I would put a Flex DCM on your HW heater to get ground-truth data because I suspect the difference is going to be nominal and inside the likely Sense native detection error.

I would also maybe use discipline and/or something red and something blue to designate which is which. Or wash hands behind your back.

What I am expecting to see is a longer frequency between the HW heater on/off cycles.
Yes, with a mirror on the opposite wall!

Wait until the day you need hot water for something & find yourself running the water wondering why it’s not getting hot.

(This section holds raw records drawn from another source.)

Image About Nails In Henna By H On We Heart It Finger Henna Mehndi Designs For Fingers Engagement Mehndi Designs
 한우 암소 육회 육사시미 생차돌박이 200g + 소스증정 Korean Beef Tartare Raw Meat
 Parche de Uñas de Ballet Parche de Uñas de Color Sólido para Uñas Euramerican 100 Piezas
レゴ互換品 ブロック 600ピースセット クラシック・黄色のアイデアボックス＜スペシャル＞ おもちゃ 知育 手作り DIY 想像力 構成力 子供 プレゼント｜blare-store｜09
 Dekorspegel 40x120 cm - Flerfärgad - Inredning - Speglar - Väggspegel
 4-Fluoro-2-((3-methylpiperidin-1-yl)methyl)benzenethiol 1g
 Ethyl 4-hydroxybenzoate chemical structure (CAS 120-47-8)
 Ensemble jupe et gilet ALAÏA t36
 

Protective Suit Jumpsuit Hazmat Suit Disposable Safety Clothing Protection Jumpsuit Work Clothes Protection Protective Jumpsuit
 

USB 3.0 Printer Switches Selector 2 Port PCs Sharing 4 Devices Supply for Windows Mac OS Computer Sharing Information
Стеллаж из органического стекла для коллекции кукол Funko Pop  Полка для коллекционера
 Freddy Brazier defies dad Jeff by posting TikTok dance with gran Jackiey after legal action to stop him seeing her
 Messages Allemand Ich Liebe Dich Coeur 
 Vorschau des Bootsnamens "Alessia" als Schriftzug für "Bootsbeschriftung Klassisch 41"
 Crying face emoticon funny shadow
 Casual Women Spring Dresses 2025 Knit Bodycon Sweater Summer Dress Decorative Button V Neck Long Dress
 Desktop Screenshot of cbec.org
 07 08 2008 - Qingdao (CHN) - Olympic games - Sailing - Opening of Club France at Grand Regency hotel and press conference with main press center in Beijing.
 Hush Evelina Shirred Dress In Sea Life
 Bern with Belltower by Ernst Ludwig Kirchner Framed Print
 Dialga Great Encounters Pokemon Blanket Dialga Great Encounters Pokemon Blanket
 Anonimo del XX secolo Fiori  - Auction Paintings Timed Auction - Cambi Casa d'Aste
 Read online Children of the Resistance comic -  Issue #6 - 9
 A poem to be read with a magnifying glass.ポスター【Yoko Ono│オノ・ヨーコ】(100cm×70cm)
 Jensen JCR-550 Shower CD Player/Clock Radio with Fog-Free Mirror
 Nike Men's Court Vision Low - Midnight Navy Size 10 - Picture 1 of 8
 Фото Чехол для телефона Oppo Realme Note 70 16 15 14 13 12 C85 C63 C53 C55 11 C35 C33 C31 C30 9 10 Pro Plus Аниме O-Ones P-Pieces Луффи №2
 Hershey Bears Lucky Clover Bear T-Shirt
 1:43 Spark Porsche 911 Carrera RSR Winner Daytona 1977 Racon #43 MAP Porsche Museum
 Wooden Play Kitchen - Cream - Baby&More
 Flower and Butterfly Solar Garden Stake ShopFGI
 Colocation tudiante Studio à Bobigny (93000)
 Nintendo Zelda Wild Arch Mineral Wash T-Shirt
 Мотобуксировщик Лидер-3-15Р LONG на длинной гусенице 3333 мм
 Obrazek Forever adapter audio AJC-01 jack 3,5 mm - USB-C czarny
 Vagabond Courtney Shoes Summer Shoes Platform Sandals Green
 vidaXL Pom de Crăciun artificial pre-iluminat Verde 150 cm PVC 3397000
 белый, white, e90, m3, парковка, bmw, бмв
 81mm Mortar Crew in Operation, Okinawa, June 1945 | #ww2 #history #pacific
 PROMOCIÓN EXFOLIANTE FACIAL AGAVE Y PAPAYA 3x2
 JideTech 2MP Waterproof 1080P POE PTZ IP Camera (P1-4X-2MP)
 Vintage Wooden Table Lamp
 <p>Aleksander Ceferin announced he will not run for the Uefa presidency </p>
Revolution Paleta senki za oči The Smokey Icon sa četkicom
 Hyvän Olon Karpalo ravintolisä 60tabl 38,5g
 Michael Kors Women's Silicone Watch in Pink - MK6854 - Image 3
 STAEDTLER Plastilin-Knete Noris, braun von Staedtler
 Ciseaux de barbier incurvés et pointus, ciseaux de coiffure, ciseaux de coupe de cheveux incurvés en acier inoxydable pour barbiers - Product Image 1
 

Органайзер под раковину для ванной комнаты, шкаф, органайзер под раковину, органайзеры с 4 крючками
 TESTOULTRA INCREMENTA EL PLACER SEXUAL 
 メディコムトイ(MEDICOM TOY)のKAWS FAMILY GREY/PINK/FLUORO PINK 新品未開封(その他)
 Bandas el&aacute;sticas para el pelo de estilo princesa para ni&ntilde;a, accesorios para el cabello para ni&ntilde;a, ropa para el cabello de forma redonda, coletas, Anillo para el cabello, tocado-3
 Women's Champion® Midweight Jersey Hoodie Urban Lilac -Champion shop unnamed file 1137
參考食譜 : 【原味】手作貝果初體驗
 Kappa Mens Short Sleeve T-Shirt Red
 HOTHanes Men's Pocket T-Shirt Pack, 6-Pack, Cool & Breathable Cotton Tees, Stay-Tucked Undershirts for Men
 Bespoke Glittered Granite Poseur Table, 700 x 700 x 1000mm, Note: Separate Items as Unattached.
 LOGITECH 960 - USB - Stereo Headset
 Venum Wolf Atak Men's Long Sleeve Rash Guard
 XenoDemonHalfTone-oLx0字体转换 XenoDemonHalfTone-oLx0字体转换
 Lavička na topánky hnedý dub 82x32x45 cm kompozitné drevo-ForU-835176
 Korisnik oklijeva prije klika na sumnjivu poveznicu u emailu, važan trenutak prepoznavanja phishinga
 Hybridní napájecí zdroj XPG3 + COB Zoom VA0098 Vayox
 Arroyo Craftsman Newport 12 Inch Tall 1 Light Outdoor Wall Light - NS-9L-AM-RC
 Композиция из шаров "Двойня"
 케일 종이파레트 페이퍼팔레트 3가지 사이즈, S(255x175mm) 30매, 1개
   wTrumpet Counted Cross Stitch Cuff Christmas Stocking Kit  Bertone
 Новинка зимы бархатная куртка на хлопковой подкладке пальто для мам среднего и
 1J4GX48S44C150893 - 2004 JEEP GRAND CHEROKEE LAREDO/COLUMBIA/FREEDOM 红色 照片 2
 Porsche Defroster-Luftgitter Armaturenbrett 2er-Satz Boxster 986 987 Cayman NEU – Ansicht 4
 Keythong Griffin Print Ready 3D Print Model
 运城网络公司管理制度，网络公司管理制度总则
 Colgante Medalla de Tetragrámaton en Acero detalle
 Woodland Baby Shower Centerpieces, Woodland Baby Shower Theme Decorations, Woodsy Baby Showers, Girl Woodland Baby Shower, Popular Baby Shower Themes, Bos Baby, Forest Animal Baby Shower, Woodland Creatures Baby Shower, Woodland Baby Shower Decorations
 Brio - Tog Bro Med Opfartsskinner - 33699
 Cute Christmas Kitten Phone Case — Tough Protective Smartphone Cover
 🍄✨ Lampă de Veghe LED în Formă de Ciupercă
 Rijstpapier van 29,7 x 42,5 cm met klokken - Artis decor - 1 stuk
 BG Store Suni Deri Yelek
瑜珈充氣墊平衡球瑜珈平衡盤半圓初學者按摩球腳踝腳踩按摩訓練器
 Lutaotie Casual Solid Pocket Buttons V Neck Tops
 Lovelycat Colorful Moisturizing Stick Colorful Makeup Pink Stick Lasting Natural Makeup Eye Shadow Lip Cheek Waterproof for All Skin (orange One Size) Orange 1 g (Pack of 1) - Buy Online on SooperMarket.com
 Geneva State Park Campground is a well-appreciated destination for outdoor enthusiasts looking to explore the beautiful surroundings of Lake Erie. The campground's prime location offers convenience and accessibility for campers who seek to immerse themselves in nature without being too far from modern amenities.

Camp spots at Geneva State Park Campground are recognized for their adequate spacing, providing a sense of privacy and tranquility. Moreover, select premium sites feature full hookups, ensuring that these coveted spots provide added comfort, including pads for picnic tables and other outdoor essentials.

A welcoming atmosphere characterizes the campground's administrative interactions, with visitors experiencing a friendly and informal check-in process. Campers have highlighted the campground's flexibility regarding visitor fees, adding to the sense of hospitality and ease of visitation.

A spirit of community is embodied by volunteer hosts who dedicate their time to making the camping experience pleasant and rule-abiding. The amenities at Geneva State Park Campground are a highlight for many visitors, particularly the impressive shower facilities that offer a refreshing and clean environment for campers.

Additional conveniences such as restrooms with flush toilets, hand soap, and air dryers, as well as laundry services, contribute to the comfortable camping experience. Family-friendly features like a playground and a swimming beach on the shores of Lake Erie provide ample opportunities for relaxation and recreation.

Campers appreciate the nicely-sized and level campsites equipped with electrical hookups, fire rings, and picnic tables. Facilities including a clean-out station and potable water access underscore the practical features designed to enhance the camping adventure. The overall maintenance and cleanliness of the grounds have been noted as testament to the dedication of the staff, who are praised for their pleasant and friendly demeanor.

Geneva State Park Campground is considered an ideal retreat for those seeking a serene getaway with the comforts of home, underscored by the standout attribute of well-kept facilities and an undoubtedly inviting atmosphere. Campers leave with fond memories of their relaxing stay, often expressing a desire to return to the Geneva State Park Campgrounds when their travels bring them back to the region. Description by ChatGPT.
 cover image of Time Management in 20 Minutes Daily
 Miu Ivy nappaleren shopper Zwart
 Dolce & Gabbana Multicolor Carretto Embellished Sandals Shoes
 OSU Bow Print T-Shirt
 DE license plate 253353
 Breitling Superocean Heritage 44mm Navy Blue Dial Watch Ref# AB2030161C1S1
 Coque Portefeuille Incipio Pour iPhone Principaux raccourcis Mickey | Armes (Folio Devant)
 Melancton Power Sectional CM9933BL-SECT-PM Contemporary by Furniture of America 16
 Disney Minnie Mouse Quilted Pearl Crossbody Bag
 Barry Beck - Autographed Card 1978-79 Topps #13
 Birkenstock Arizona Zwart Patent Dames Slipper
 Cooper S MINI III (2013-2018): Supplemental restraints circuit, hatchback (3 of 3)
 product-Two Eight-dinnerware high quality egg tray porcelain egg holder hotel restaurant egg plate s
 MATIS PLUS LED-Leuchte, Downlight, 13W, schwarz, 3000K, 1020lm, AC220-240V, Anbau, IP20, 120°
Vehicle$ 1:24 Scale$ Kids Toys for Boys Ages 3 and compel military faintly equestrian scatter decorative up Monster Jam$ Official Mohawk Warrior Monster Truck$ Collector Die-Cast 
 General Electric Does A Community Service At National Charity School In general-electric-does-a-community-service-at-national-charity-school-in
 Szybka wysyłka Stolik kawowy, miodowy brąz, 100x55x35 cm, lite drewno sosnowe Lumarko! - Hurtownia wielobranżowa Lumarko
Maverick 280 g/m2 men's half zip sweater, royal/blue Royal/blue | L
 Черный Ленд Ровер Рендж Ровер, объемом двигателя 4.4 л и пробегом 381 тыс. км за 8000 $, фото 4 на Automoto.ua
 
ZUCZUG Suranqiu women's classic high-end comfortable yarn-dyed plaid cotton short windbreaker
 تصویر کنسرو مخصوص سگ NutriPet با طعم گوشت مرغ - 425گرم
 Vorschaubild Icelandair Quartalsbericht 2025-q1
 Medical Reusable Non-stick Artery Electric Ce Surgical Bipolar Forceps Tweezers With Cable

My first thought was you must be single and live alone to even think about attempting such an experiment. lol

Not to hijack this thread, but we just had our pilot light go out and needed the whole gas valve assembly replaced. Part was under warranty as the unit is only 20 months old, but the plumber cost $408. Besides the sacrificial rod that is also in a gas WH, is there a common component that can die in an electric water heater? There’s obviously no pilot, but I’m wondering if an electric WH is more “solid state” than a gas. Of course we went with a gas replacement for our 14 y/o gas unit because it was cheaper and easier to replace. Tack on this $406 and the heat pump water heater I wanted to get would now have been cheaper and would move lowered our $460 natural gas bill last month.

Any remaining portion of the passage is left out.